さて、ここでもういちど「Samurai Fiction2」を見てみましょうか。
舞台はある小さな剣術の道場。師範代のトータス松本は、師範の娘の奥菜恵に恋している。ある日、謎の美しい剣士(パフィ・大貫亜美)が道場破りに来る。トータスも師範もあっさり負かされて、剣士は去っていく。トータスはその剣士を追って旅に出る。剣士が実は女だとわかって、トータスは剣士に恋をする。で、いろんなエピソードが絡んで、最終的にトータスが大貫を斬って、苦いエンディング。トータスはさらに旅に出る。奥菜、じっと帰りを待つ。みたいな話。

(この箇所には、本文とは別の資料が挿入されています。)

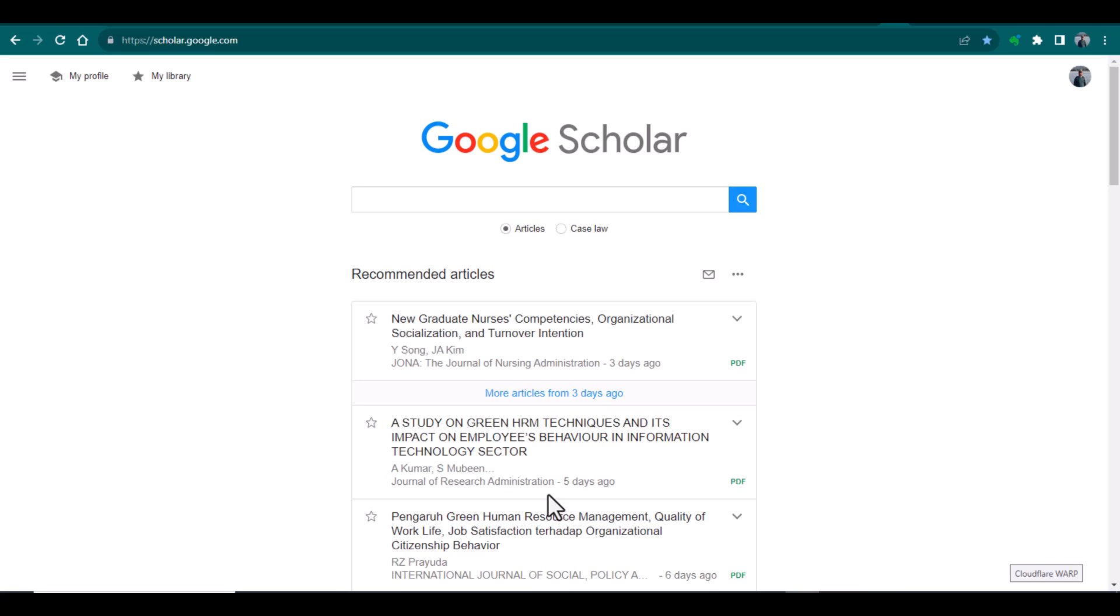Bismillahirrahmanirrahim, hello everyone, welcome to my channel Research and Analysis. My name is Dr. Kamran. In this video I will tell you how to download free research articles from Google Scholar if you do not have access to a digital library or your institute has not provided you access to any database from where you can download free research articles. This strategy might be useful for you to download free articles from Google Scholar.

奥菜も「剣士」になってトータスについて行っちゃうってオチでもいいかも。
リンダおばさんの説にあてはめてみると、「トータスはその剣士を追って旅に出る」が第1ターニングポイントなんだろうね。でもって「いろんなエピソードが絡んで」がアクト2で、「最終的にトータスが大貫を切って苦いエンディング。トータスはさらに旅に出る」がアクト3か。
前にこれは適当に不完全でここでの題材としてはいい、と書いたけど、それはこのあたりの話。つまりアクト2、あんパンのあんこの部分が出来てなくていいなと。
べつにSさんを「不完全だからダメじゃん」と責めたいんじゃなく、とにかくセットアップ、アクト1、第1ターニングポイントまではかなり明確だから、続きを作ってみようぜと言いたいわけ。それはSさん自身でもいいけど、他の人でも面白いかも。
誰か、作ってみてくれ、アクト2以降を。誰もいなければしょうがない、ぼくが空想してみるけどさ。